No matter what happens, many will hold on to the idea that saturated fats are bad. There IS NO direct correlation between dietary saturated fat and heart disease. The title of the article that stockwiz posted a link to is "Adding Carbs to the Diet Increases Saturated Fat in Blood"

Most will not click on the link, here is an excerpt.

Recent meta-analyses have found no association between heart disease and dietary saturated fat; however, higher proportions of plasma saturated fatty acids (SFA) predict greater risk for developing type-2 diabetes and heart disease. These observations suggest a disconnect between dietary saturated fat and plasma SFA, but few controlled feeding studies have specifically examined how varying saturated fat intake across a broad range affects circulating SFA levels. Sixteen adults with metabolic syndrome (age 44.99.9 yr, BMI 37.96.3 kg/m2) were fed six 3-wk diets that progressively increased carbohydrate (from 47 to 346 g/day) with concomitant decreases in total and saturated fat.
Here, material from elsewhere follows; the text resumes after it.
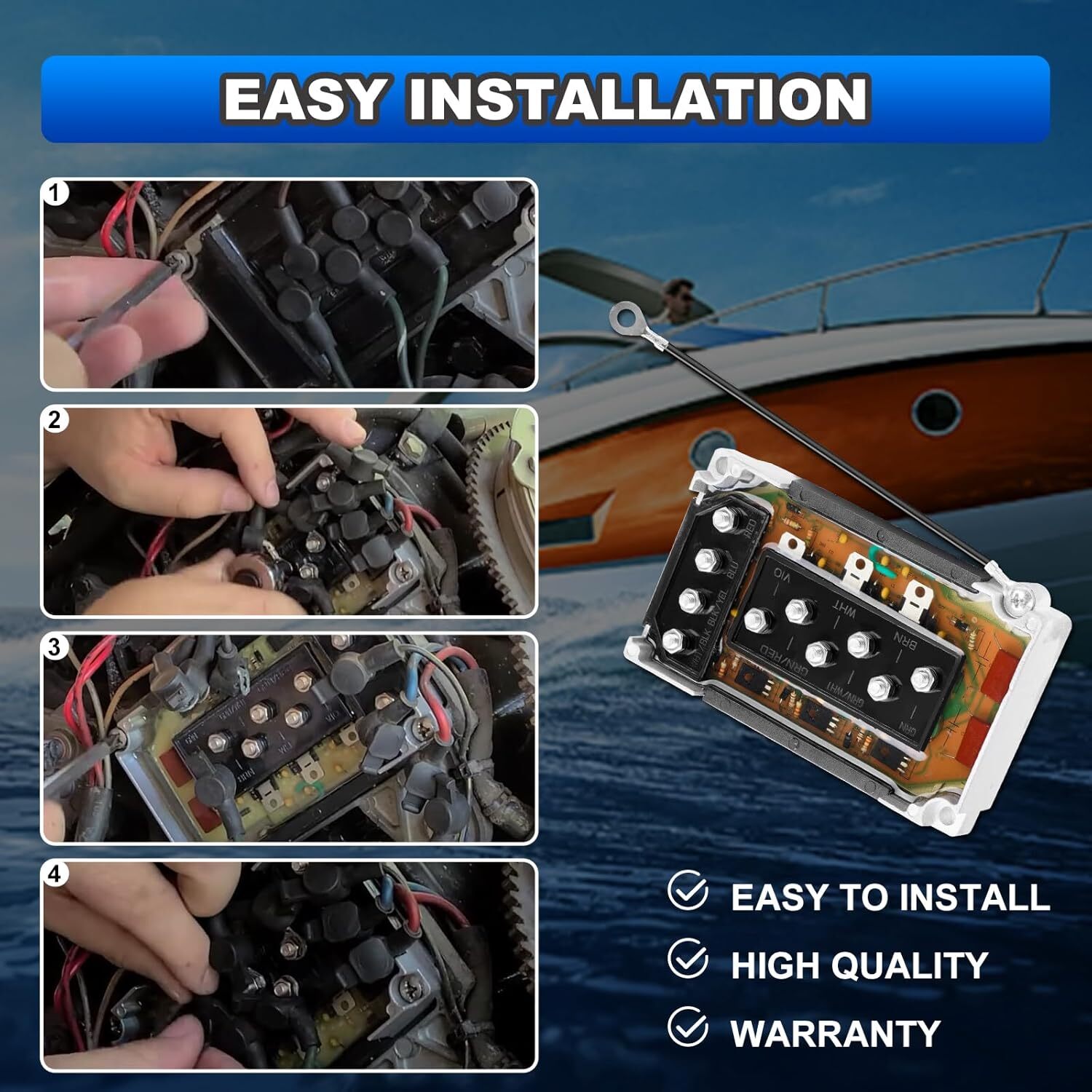 2PCS CDI Module Switch Box For Mercury Marine Outboard 332-7778A12 332 ...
Despite a distinct increase in saturated fat intake from baseline to the low-carbohydrate diet (46 to 84 g/day), and then a gradual decrease in saturated fat to 32 g/day at the highest carbohydrate phase, there were no significant changes in the proportion of total SFA in any plasma lipid fractions. Whereas plasma saturated fat remained relatively stable, the proportion of palmitoleic acid in plasma triglyceride and cholesteryl ester was significantly and uniformly reduced as carbohydrate intake decreased, and then gradually increased as dietary carbohydrate was re-introduced. The results show that dietary and plasma saturated fat are not related, and that increasing dietary carbohydrate across a range of intakes promotes incremental increases in plasma palmitoleic acid, a biomarker consistently associated with adverse health outcomes.